Guest Post: Visiting the Sconce
After the end of our Gunsite class, we were invited to visit Mrs. Cooper in her home. One of my fellow Gunsite students, JT, wrote this excellent reflection on the experience:
At the conclusion of our week long training at Gunsite, the entire class was invited to the residence of Mrs. Cooper–I shan’t call her Janelle without a direct and personal invitation to do so–for refreshments.
A gaggle of dusty, hot and tired students trudged unceremoniously up to the home built by Gunsite’s founder, the late Colonel Jeff Cooper. We were warmly greeted by Mrs. Cooper, and welcomed to look around. Mrs. Cooper was as gracious and charming a hostess as I’ve ever seen. To her, class and warmth and grace come naturally.
The views from the deck are priceless, stretching out over the vast expanse of valley to distant mountains. But the real majesty of this house lies inside.
A cross between a museum and library, gun vault and shrine, the interior of the Sconce (meaning a small, detached fort), as Mrs. Cooper’s home is known, is as magnificent as the views outside.
Col Cooper had a vast library of books, to match his varied interests, and a few singular mementos. Of course, it almost goes without saying that trophies taken around the world and firearms–each with some particular significance–were there, as well; I will leave them for others to describe in greater detail.
Photographs of Col. and Mrs. Cooper, along with other family members, line the walls and shelves. Mrs. Cooper is, by any measure, a devoted spouse and her love for her husband is evident in almost every thing she does. The attention she devotes to his memory borders on worship. Yet, who can blame her? Col. Cooper was, in many respects, larger than life, and a true American hero.
The entire home is, in effect, a tribute to Col. Cooper, from its site to its construction to its contents.
But perhaps the greatest tribute to the late Col. Cooper is not some object or saying or slogan or view, no matter how spectacular. The greatest tribute to Col. Cooper is that his legacy of preparing–one class at a time–Gunsite students to defend themselves and their loved ones from violent criminals is both ongoing and enduring.

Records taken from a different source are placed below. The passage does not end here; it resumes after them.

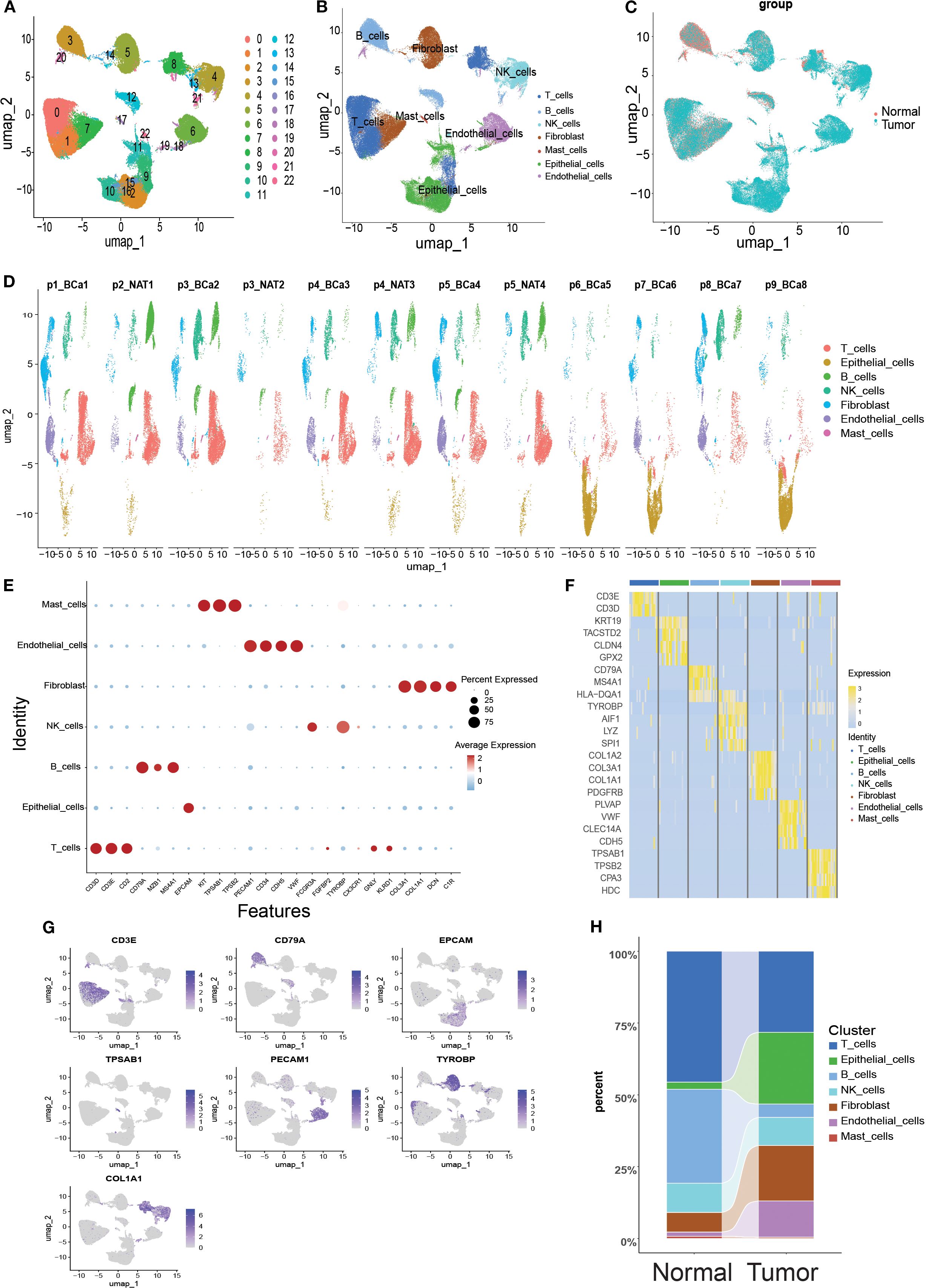 Seven-panel scientific figure. Panel A: UMAP plot with 22 clusters differentiated by color. Panel B: UMAP plot labeling seven cell types. Panel C: UMAP plot showing normal versus tumor groupings. Panel D: Series of UMAP plots displaying cell distributions across samples p1 to p9. Panel E: Dot plot showing gene features by cell identity, indicating percent and average expression. Panel F: Heatmap showing gene expression levels across different cell identities. Panel G: Seven individual UMAP plots for specific genes with expression intensity. Panel H: Stacked bar chart showing the proportion of cell clusters in normal and tumor samples.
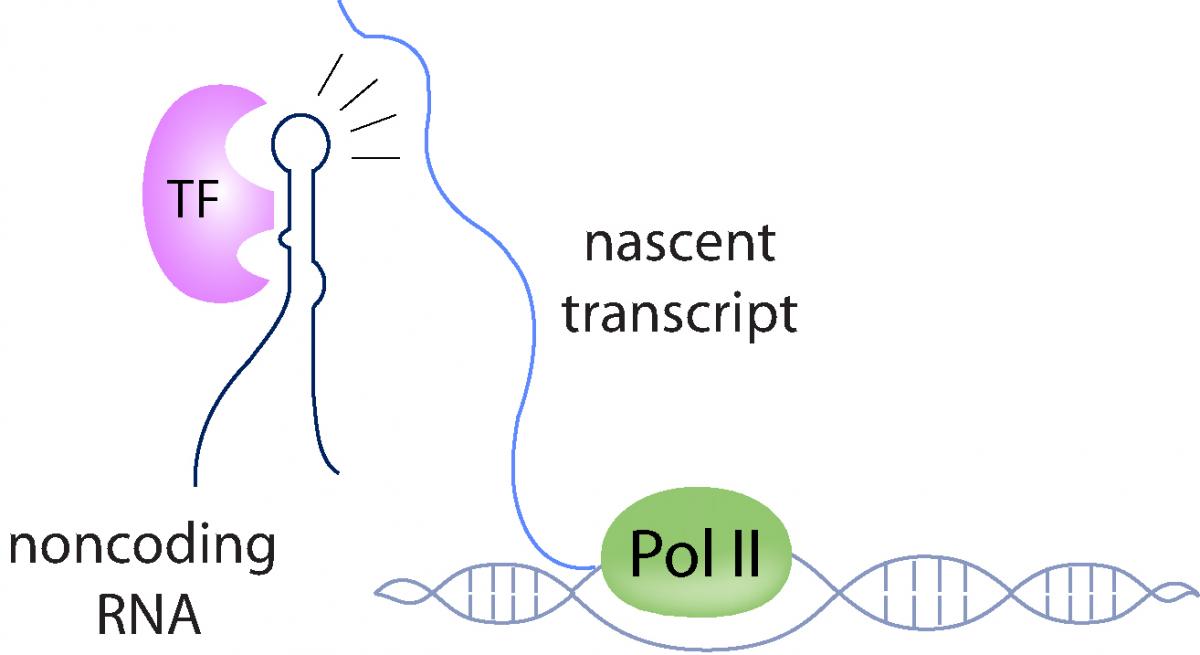 Pitt_PMI's tweet photo. Interested in long-noncoding #RNA in #viruses and #cancer? Meet Nara Lee #JoinPMI https://t.co/lPM7M6gkPk https://t.co/ef4EwRwmCI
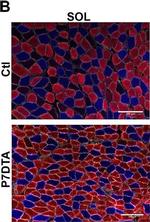 Mouse IgG1 Cross-Adsorbed Secondary Antibody in Immunohistochemistry (Frozen) (IHC (F))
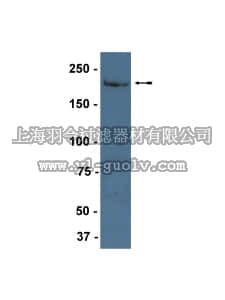 merck millipore,默克密理博,05-833,Anti-Myosin Heavy Chain Antibody, clone 2F4, cardiac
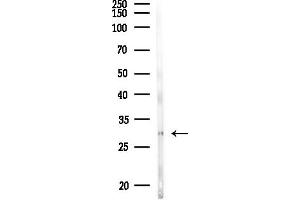 anti-Apolipoprotein O-Like (APOOL) (C-Term) antibody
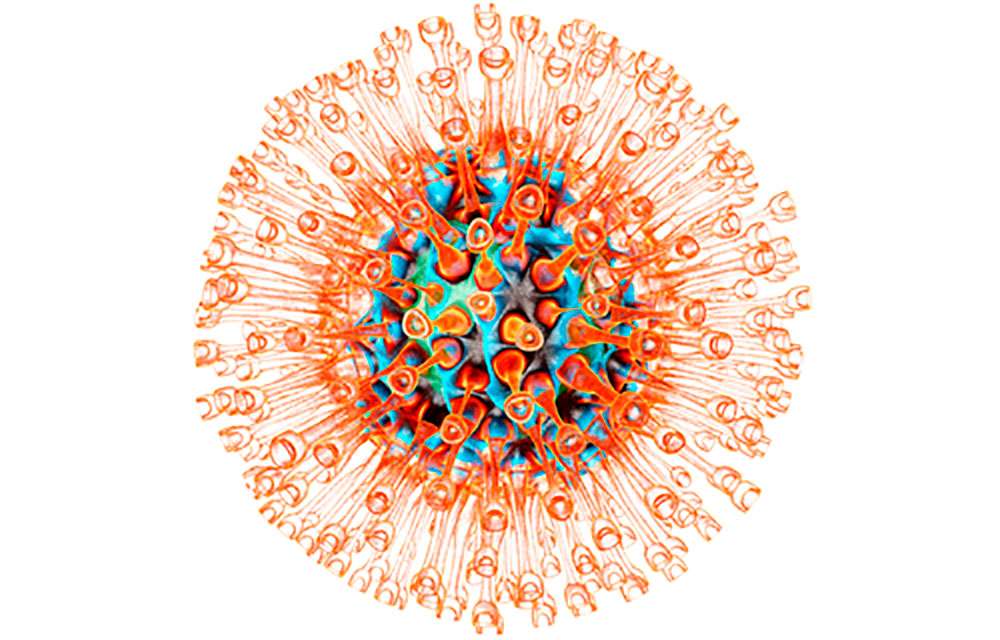 Herpes Simplex Virus - Illustration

Thanks, JT, for the thoughtful post!
Why I love surplus rifles
I recently acquired a 98k Mauser. I had been leery of buying surplus guns for a long time…afraid that I would end up with an expensive piece of junk. But I decided that the time was ripe to pick one up. If nothing else, I figured I would have an action that I could use for something more tricked out.
What I ended up with was a Russian capture 98k. For those who don’t know what that means, let me ‘splain. At the end of the war, the Soviets captured a whole mess of German rifles. Russians being Russians, they packed them away in cosmoline, waiting for the time that might be needed to arm peasants. Then, at some point in their history, the Soviets signed a disarmament treaty with the US. The treaty specified a certain number of arms needed to be rendered unfit for military service. The Soviets, a pratcial people, promptly disposed of the front sight hoods, cleaning rods, and action locking screws for these rifles, and declared them de-milled. Everyone left happy. The Russians later sold off them off for surplus.
When I got the gun home, I cleaned off the crusted cosmoline and wiped down the stock with Murphy’s oil soap. I looked up the manufacturing codes. It’s not a rare rifle. The bolt serial number doesn’t match the reciever. There is ugly Soviet electric pencil serial numbers scratched on the top of the bolt, where it was force matched at whatever Soviet arsenal it was refinished. My original intent was to strip it down to the action, and have it be a project gun that I could build up and practice my gunsmithing “skills.”
But the more I held it, and worked the action, and thought about the history behind the gun, I decided I just couldn’t do it. My wife is a history teacher…and this gun was a piece of living history. Did some poor German hold it while shivering on the Eastern front after being sent to his death by that madman in Berlin? Or did it sit in some arms room until being captured and maimed by the Russians and dragged back behind the Iron Curtain? And isn’t that maiming part of history, too, and a monument to silly, feel good treaties?
Firearms are history distilled into an object that you can touch and hold and smell. You can look at the rough workmanship on a ’43 Nagant and really see the effects of the war on a country rushing to produce enough arms to defend itself. Or pick up the weight of a Garand and imagine, in your minds eye, what a trooper ready to hit the ramp on D-Day must have felt.
So, my 98k will go into the safe, unmolested, until some day in the future, when I tell my daughter stories of what her great-grandfather did during the war, at Normandy and beyond. And how her British great-grandmother had two houses bombed out from under her. And let her hold my my guns and touch and feel and smell a part of history.